Aim of the exercise: Omit all pictures, then retype exactly the lines from the one that contains "Used 2024 Genesis" through the end of the listing.

Recorded information:
━━━━━━

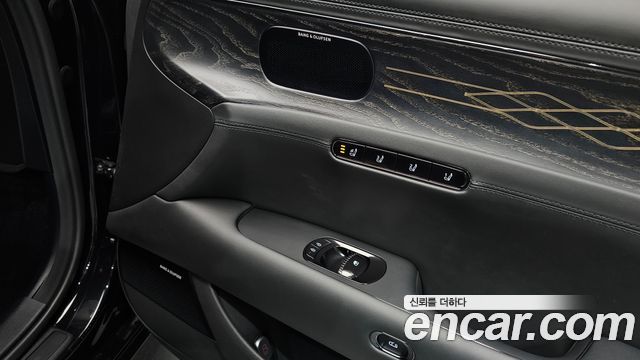 Genesis G90 (RS4) Gasoline 3.5 Turbo e-S/C AWD Black 2025 — фото 42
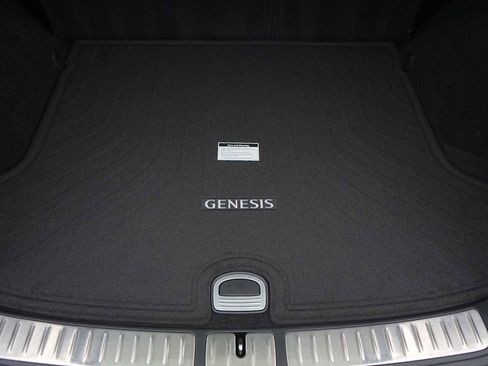 Used 2024 Genesis GV70 3.5T Sport w/ Sport Prestige Package AWD/4WD image 27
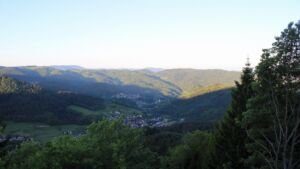 Dieses Bild zeigt eine Webcam-Aufnahme vom Achertal, aufgenommen am Freitag, den 22.05.2026 um 06:30 Uhr. Die Temperatur betrug 15.3°C.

━━━━━━

Result:
 Used 2024 Genesis GV70 3.5T Sport w/ Sport Prestige Package AWD/4WD image 27
 Dieses Bild zeigt eine Webcam-Aufnahme vom Achertal, aufgenommen am Freitag, den 22.05.2026 um 06:30 Uhr. Die Temperatur betrug 15.3°C.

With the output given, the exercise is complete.